● AVAILABLE DATA
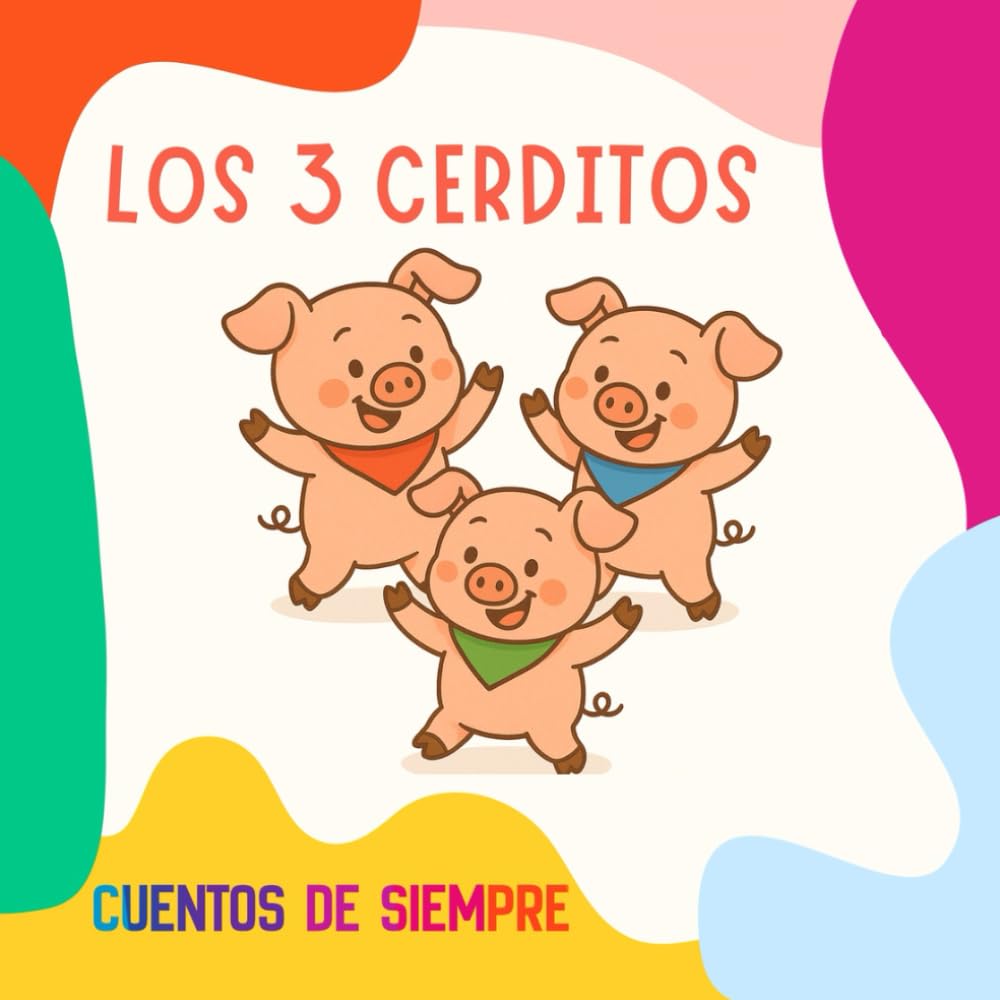 Los 3 Cerditos: Versión en Español - Cuentos infantiles - A partir de 2 años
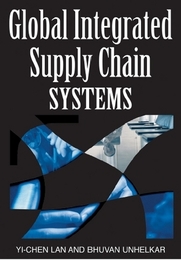 Global Integrated Supply Chain Systems, ed. , v. 
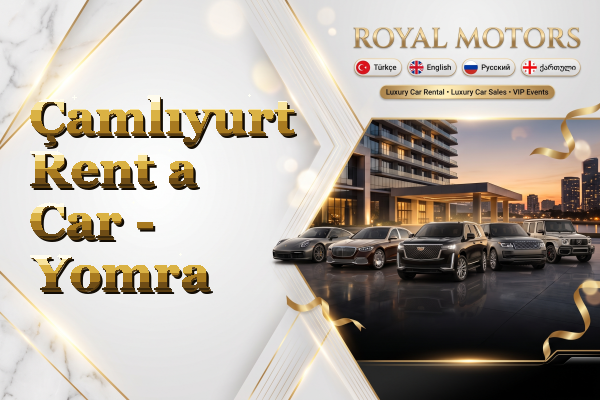 Çamlıyurt Rent a Car - Yomra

● AIM OF THE TASK
The expected answer is the data retyped exactly, without pictures.

● ANSWER AREA
 Los 3 Cerditos: Versión en Español - Cuentos infantiles - A partir de 2 años
 Global Integrated Supply Chain Systems, ed. , v. 
 Çamlıyurt Rent a Car - Yomra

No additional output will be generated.